*Instructions for the task:*
Working down the material below, reproduce exactly every line from the one containing "Hands of creation" to the last line, and only those.

*Given data:*
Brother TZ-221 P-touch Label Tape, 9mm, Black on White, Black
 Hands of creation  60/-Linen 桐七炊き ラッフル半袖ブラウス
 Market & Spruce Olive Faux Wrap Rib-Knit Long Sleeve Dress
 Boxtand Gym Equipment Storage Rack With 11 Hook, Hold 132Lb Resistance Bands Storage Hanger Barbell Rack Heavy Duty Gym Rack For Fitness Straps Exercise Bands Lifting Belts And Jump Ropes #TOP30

*Result of the task:*
 Hands of creation  60/-Linen 桐七炊き ラッフル半袖ブラウス
 Market & Spruce Olive Faux Wrap Rib-Knit Long Sleeve Dress
 Boxtand Gym Equipment Storage Rack With 11 Hook, Hold 132Lb Resistance Bands Storage Hanger Barbell Rack Heavy Duty Gym Rack For Fitness Straps Exercise Bands Lifting Belts And Jump Ropes #TOP30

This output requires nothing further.